The DHS consolidates 22 separate agencies into a new Cabinet department with
170,000 employees. The components being transferred to DHS include:

* Coast Guard;
* Customs Service;
* Secret Service;
* Immigration and Naturalization Service (INS);
* the recently-formed Transportation Security Administration.

The new Department is structured around four directorates, whose titles give some
idea of the agency's mission and scope:

* Information Analysis and Infrastructure Protection;
* Science and Technology;
* Border and Transportation Security ;
* Emergency Preparedness and Response.

The DHS will absorb five components with computer security responsibilities:

* National Infrastructure Protection Center (NIPC) of the FBI http://www.nipc.gov
* National Communications System of the Defense Department;
* Critical Infrastructure Assurance Office (CIAO) of the Department of Commerce
http://www.ciao.gov ;
* National Infrastructure Simulation and Analysis Center of the Energy Department;
* Federal Computer Incident Response Center (FedCIRC) of the General Services
Administration.

Yielding to concerns of the computer industry, the transfer does not include the
Computer Security Division of the National Institutes of Standards and Technology.

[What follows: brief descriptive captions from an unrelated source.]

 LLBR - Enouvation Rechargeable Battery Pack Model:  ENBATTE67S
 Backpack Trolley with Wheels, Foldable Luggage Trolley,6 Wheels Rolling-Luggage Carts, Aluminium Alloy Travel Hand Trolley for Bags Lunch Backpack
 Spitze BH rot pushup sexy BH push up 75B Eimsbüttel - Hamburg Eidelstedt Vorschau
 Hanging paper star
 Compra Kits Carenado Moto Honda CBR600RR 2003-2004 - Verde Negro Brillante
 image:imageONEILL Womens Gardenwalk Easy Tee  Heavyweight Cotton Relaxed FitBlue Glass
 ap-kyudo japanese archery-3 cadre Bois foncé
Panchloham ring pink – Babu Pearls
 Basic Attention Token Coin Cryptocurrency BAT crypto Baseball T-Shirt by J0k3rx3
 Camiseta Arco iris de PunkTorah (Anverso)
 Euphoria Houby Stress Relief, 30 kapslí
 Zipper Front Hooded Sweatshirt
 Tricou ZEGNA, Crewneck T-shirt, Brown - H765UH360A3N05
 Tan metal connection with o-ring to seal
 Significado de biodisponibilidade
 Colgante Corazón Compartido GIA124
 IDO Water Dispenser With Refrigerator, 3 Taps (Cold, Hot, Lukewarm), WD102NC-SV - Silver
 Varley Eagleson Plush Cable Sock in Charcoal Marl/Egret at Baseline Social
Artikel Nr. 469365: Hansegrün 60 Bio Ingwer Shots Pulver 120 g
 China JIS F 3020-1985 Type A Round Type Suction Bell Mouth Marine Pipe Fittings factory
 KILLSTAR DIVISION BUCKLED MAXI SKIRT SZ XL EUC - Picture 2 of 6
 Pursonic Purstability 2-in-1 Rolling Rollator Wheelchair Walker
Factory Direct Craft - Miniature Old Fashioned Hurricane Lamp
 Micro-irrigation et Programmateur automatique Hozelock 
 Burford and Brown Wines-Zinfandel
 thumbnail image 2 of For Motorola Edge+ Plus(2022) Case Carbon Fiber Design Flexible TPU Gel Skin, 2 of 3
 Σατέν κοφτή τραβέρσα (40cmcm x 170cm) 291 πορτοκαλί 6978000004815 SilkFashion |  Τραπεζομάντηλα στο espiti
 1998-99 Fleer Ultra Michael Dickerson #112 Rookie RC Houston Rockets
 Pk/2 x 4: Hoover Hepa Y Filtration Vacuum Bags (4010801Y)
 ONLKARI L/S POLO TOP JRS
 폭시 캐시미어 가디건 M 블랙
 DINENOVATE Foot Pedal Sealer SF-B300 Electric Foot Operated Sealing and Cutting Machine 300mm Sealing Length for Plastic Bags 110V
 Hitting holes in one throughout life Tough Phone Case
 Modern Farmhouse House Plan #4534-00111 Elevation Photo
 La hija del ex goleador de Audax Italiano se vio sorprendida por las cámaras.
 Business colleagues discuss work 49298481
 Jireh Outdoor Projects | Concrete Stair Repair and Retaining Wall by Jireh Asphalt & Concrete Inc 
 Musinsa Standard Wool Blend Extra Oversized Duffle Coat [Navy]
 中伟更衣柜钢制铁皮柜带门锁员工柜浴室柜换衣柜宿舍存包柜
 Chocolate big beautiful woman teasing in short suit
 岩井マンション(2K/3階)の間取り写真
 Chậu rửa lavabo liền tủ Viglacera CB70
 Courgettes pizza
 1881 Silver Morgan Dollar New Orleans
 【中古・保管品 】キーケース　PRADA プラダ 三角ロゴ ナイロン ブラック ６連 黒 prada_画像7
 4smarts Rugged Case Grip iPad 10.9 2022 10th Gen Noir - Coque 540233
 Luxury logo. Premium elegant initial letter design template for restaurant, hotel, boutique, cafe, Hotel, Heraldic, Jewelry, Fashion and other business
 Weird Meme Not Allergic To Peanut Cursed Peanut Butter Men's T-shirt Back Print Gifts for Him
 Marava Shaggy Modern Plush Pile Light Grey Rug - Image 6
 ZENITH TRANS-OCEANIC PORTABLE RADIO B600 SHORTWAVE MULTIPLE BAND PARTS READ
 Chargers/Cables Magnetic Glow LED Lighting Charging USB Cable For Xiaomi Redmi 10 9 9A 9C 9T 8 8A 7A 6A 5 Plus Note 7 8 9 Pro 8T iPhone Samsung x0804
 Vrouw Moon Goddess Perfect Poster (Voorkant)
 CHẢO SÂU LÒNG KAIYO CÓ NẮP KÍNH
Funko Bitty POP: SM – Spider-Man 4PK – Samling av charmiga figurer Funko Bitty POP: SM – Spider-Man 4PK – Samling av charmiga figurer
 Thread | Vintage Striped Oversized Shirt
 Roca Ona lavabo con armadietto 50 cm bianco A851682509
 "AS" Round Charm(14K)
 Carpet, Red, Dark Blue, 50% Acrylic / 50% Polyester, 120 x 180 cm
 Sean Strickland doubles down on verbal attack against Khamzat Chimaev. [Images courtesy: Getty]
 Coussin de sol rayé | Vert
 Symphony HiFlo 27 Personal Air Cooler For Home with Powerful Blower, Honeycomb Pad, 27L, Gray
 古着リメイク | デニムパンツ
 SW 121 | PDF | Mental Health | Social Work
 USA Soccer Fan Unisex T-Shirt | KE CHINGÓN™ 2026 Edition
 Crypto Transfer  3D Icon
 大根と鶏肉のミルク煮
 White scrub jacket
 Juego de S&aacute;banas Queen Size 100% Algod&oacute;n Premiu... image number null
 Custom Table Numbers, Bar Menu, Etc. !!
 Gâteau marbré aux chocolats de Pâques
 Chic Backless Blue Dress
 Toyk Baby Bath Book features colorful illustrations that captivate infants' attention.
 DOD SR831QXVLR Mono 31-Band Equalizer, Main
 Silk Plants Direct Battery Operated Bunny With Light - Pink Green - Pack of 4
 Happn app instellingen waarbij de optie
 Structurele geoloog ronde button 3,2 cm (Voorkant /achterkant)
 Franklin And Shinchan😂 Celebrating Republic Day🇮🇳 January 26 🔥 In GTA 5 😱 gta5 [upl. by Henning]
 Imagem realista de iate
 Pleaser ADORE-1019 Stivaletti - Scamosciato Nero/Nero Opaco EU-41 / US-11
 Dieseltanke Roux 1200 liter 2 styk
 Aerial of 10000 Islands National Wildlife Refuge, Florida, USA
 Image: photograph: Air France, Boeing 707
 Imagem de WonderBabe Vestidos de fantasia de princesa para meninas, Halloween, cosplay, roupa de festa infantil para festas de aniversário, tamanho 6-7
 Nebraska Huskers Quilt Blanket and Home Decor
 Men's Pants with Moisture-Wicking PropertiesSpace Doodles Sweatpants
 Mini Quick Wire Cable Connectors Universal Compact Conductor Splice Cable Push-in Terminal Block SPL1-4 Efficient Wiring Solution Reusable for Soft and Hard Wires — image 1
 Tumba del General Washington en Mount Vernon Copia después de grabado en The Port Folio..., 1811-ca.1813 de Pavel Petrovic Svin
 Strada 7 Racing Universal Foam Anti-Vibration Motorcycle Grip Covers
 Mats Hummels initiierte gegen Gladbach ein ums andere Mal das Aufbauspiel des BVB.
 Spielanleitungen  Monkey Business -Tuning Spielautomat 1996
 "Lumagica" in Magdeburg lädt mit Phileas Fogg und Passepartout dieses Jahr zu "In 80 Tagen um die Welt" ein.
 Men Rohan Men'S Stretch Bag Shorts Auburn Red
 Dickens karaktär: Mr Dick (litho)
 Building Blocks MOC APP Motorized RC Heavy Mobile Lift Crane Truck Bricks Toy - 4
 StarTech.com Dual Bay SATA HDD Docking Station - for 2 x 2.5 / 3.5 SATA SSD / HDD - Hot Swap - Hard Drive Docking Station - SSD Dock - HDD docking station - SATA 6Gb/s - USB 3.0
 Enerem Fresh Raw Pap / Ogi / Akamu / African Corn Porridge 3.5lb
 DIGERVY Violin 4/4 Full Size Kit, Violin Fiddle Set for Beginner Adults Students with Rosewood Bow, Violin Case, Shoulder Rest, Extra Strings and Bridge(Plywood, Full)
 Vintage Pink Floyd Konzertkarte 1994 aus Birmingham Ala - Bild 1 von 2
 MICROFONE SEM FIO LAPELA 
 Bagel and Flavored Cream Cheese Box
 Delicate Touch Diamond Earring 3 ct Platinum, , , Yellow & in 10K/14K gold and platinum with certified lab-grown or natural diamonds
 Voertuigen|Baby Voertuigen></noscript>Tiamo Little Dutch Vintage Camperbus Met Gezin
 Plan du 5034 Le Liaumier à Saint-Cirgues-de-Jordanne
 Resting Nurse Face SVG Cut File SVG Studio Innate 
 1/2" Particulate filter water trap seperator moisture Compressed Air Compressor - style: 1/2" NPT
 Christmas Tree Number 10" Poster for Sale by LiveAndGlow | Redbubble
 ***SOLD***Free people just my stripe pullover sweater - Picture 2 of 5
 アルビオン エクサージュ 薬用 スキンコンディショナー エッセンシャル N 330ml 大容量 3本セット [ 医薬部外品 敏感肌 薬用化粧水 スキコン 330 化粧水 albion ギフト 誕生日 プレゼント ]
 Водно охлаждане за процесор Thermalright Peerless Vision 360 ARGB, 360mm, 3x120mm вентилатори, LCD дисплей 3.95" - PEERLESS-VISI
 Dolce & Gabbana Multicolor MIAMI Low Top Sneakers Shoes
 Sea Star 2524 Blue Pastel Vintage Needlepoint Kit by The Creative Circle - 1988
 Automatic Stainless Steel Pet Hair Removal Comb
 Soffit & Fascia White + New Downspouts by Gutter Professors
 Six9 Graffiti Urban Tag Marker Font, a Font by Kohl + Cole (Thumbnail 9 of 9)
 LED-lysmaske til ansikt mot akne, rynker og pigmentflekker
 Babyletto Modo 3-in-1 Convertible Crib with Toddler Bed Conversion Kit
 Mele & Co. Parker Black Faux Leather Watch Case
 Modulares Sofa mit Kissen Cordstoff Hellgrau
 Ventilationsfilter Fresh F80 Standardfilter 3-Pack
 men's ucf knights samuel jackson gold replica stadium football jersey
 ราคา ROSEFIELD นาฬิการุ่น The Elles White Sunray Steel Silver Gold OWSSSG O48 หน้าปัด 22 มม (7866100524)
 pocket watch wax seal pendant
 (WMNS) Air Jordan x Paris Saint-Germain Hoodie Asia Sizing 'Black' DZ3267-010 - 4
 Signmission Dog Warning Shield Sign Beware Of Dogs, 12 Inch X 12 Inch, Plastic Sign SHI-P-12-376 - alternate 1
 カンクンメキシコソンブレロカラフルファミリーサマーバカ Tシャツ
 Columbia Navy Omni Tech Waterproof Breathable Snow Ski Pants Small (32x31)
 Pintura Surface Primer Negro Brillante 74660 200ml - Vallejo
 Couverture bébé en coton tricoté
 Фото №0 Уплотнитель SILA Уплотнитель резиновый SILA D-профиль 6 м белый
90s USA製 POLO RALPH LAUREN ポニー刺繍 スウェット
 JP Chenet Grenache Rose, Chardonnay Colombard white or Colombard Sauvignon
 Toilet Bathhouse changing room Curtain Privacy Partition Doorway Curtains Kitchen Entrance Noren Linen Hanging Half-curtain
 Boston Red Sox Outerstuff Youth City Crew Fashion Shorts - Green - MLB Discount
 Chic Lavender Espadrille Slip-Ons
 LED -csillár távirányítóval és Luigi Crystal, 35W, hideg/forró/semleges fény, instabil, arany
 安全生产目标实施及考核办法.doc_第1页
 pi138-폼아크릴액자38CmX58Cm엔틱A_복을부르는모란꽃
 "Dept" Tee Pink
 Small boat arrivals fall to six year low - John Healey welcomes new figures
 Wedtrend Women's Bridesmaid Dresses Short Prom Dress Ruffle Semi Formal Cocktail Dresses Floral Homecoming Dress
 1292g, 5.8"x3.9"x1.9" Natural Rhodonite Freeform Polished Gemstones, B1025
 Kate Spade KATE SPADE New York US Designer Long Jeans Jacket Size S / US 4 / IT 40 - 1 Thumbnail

The combination of NIPC and FedCIRC is noteworthy, in that it combines in one
entity the federal computer system intrusion detection activities of FedCIRC and the
private sector protection activities of the FBI. If a broader intrusion detection
program like the FIDNet system proposed several years ago is to be constituted,
this would be the basis for it.

The text and legislative history of the Act are at
http://thomas.loc.gov/cgi-bin/bdquery/z?d107:H.R.5710:

___________________________________________

(2) New Department Has Essentially Unlimited Access to Information for Data
Mining and Data Analysis

The new Department is tasked to "access, receive, and analyze" a wide array of
information that includes "law enforcement information, intelligence information,
and other information from agencies of the Federal Government, State and local
government agencies (including law enforcement agencies), and private sector
entities."

Strictly speaking, the new Department has no new collection authorities, but many
of the components being consolidated into DHS (such as Secret Service, Customs,
and INS) have investigative and intelligence collection units of their own. There is
no doubt that the new agency will have wiretap authority and other intrusive
powers. Moreover, the Department can call upon information for any other
intelligence or law enforcement agency. Indeed, when you string together the
authorities of the DHS, you get an agency that will help control the collection
priorities of other agencies and then be able to access electronically their entire
files of undigested intelligence:

* DHS will have a say in deciding what other agencies, including the CIA and
the NSA, collect at home and abroad. (Sec. 201(d)(10).)
* DHS can access and receive law enforcement information, intelligence
information and other information from Federal State and local government
agencies and the private sector.
* Except as otherwise directed by the President, the Department "shall" have
access to "unevaluated intelligence." (Sec. 202(a)(1).)
* The Secretary may obtain access "on a regular or routine basis ... [to] broad
categories of material, access to electronic databases, or both." (Sec. 202(b)(1).)
Broadly read, this means that DHS can have online access to the files of the FBI,
the CIA and the signals intelligence agencies.
* The new DHS is expressly authorized to receive wiretap information and grand
jury information collected by any other agency.

The potential scope of this data gathering and analysis is enormous, and both the
challenge of analysis and the potential for abuse are apparent. While the Act does
provide some structures for safeguarding privacy, rigorous oversight will be
needed.

These provisions must be viewed in the context of inadequate privacy protections
in law, the enhanced surveillance authorities already granted in the PATRIOT Act
and new "data mining" initiatives underway.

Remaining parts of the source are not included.